Philadelphia’s bronze was inaugurated in 1890 on grounds off Kelly Drive at the Girard Avenue Bridge. It was moved in 1948 to its present location to reaffirm liberty after World War II. This equestrian group thus became a “station” of a processional course of liberty leading to Rudolf Siemering’s monument-fountain of the American liberator George Washington (inaugurated 1897). Other nations later gave monuments to develop the theme.
Fremiet’s equestrian looms on a tall base, mark of heroic status that enables visibility over long distance. Its present gilding, added in 1960 and renewed in 2010, lends a quality that to some is demeaningly decorative; to others, it’s a mark of the ideal, even supernatural.
From afar, this equestrian’s distinctiveness is clear. This horse and rider bear medieval-style armor except on the rider’s head. It takes attention, however, to realize this soldier, tautly energized, lifting an unfurled banner for troops going into battle, is the cross-dressing woman warrior Jeanne d’Arc.

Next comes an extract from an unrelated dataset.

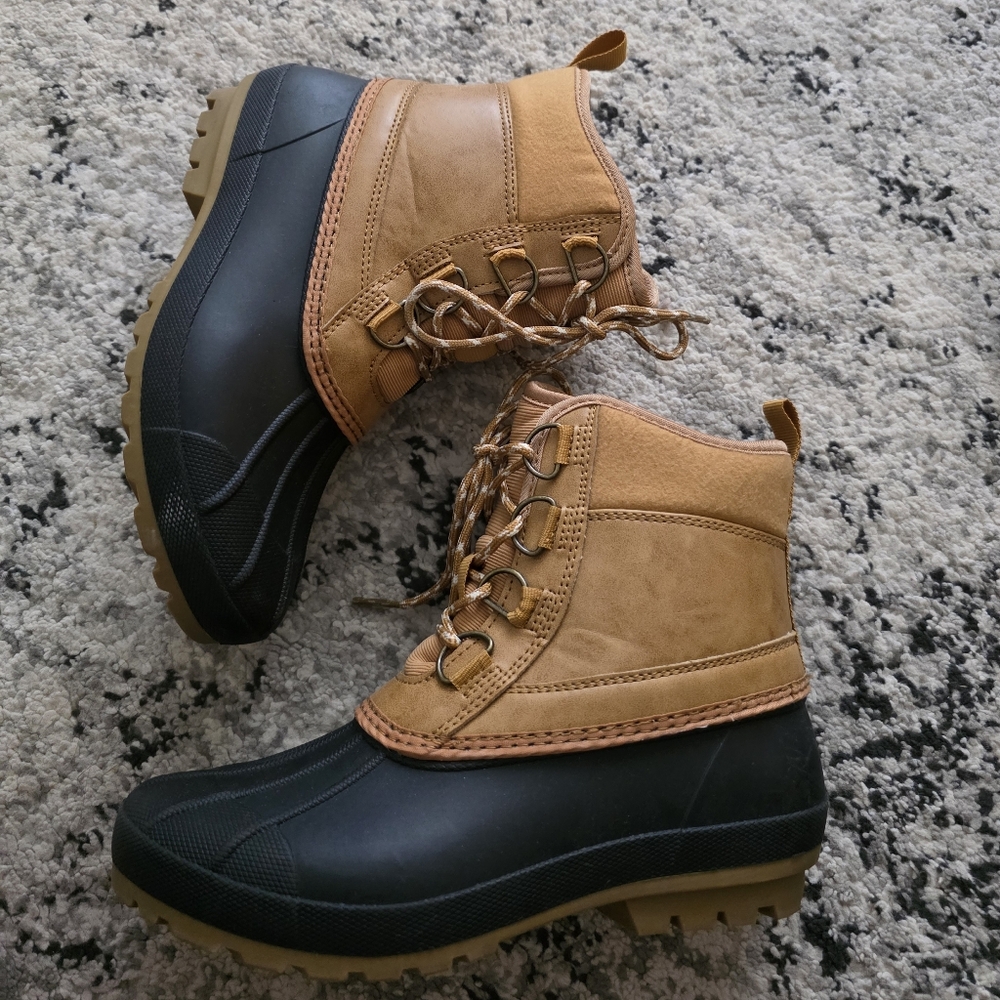 UNIVERSAL THREAD Duck Boots Rubber Soles Womens 6 Tan Black - Picture 1 of 5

Knowing her gender and youth, you become sensitive to the ensemble’s forceful physicality: heavy, muscular, trotting horse, light gleaming across gilded swelling volumes, highlighting detail that never distracts, and Jeanne’s strong, dynamic body. Those elements correspond to the historical Jeanne who is documented as bearing the sturdy build of country people, impressively controlling her powerful horse and unfamiliar, unsupported, and unstable banner.
Up close, we see that the realist Fremiet subtly negotiated historical detail, realism and idealism here. Jeanne’s backswept hair resembles versions in period images but not her reported transgressive men’s “pudding basin” bob. But her youthful face is thoroughly modern (too modern, too human for critics). Most importantly, though elevated, the ensemble is life-size. Critics decried her scale as an insult to the heroine and the idealizing public monument, against the applause of those who revered her humanity within the extraordinary. Unlike the later Paris version, Philadelphia’s represents Jeanne garlanded with laurel. A conventional victory emblem or, as it also functioned, sign of inspiration, for some divine?

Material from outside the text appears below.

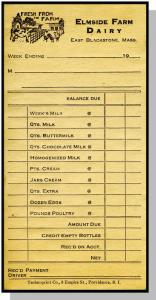 Elmside Farm Dairy Order Slip, East Blackstone, Mass/MA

Which brings me to Jeanne’s revealed face and expression, possibly a key to the whole. Her face conveys concentration, will. Her gaze focuses forward. Her pupils are cut deep and wide for emphasis. Is she focused on the enemy ahead? Could she be connecting outer and inner worlds? Is she, as Father Peter tells us Jeanne claimed, responding to the divine through her imagination? Our own imagination takes over.
This busy traffic island, then, is a site for reflection for us all, to find what this Jeanne brings to mind.
—Suzanne Glover Lindsay, St. Stephen’s historian and curator
About Friday Reflections:
Every Friday, Father Peter and Suzanne Glover Lindsay share written reflections highlighting a particular theme. This week’s Friday Reflection revolves around Jeanne d’Arc.